1:54 décrit la descente en enfer d’un ado homosexuel confronté à l’homophobie et au harcèlement. Ce premier film de Yan England est filmé comme une course folle contre le temps, contre ces deux secondes qui peuvent changer toute une vie.
Il y a une erreur à ne pas commettre en visionnant 1:54, ce n’est pas un film sur la course, ni spécifiquement un film sur le harcèlement. 1:54 relève plutôt de l’emballement, de ces deux secondes les plus dures de sa vie, celles qu’il faut aller chercher à n’importe quel prix. La question n’est pas seulement sportive, elle est viscérale. Tim court après le temps, après le désir de parvenir à prendre sa vie en main. Il ne s’agit pas pour lui d’échapper à ses bourreaux, mais de les massacrer en quelque sorte sur leur propre terrain. On voit donc la peur autant que la détermination dans les yeux d’Antoine Olivier Pilon qui après Mommy se révèle de nouveau très habile à interpréter un jeune homme en souffrance. Tout commence par de petites brimades, tout s’emballe très vite aussi. La chronique de Yan England est souvent d’une grande justesse, il ose frontalement nous montrer les conséquences des actes de ceux qui ne les mesurent pas. Il montre donc un quotidien banalisé où la souffrance est rentrée dans les habitudes. Les corps chutent, mais personne ne semble s’en émouvoir. Quand il filme les scènes d’athlétisme, England est volontiers aérien, mais plus terre-à-terre quand il colle aux baskets de Tim dans son quotidien ravagé et ravageur. La figure du professeur gourou et du père désorienté viennent représenter les adultes de cette histoire, bien à côté de la plaque. La loi du silence balancée à la figure du professeur de sciences-coach lui revient comme un boomerang alors qu’il tente de tendre la main. C’est que face à la détresse d’un de ses camarades, la philosophie de Tim est simple « soit on se tait, on ne dit rien, on fait rien, soit on dit rien et on règle ses problèmes soi-même. Je suis plutôt de la 2e catégorie ».
La mort leur va si bien
L’emploi de la musique, en surabondance, sur-dramatise le propos déjà très lourd. Mais le regard sur l’école est ici désabusé, l’engrenage très bien mené, avec une grande justesse du discours sur l’utilisation des réseaux sociaux.
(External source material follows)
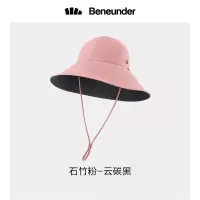 蕉下(BENEUNDER) 穹顶系列双面防晒渔夫帽21石竹粉/云炭黑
On déplorera simplement quelques ralentis un peu trop présents. Le sport devient un duel, un désir d’aller de l’avant. Quand vient le temps des larmes, on comprend un peu trop vite les échecs de relations restées trop superficielles. Et nous restent en mémoire les derniers mots du bourreau « c’était juste une blague ». La perversité mise là-dedans choque, le film est un coup de poing. Certainement fallait-il cela pour redonner de la voix à ceux qui n’osent pas parler, qui restent terrés et qui tentent seulement de prendre leur vie en main, seuls, d’aller à la recherche de ces deux secondes qui peuvent tout changer dans une vie… jusqu’à la mort elle-même.